IT is no surprise that Scottish nationalists wish to appropriate to themselves the outcome of the Greek referendum (Letters, July 7). However, the reality is that the closest relationship between the two is that in each case the outcome was that the popular will of the people defeated a proposition which would have led to economic ruin for the respective countries.
Your correspondents would have more of a point if Scotland had voted Yes and then – as would have been likely – fallen foul of the similar asymmetrical currency union foolishly recommended by the SNP. In that case, Scotland would also have been begging to be allowed to renege on agreements freely entered into previously.
In the case of Greece, it remains to be seen whether the alternative chosen will bring about a better outcome. This will depend on the ability of the other Eurozone governments to convince their parliaments that their electorates will understand the need to support the Greek economy. I hope they will be able to do so. (My own view is that Greece should leave the euro, and that the other Eurozone countries and institutions should invest in an orderly and well-resourced “soft landing'”exit.)

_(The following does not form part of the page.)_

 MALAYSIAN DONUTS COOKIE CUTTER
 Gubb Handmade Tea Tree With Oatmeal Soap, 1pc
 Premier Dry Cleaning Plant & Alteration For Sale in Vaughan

At the same time, it is an odd feature of coverage of the Greek referendum that no-one has noted the talismanic quality of the word Oxi. It was the apocryphal answer of the Greek dictator Metaxas to Mussolini at the outbreak of the Second World War, and is celebrated as a national holiday (Oxi Day) on every November 28, and is therefore a national symbol of patriotic resistance. The referendum was like asking Scots to vote on whether Scotland is “the Brave”, and whether we should have fought Hitler, rolled into one.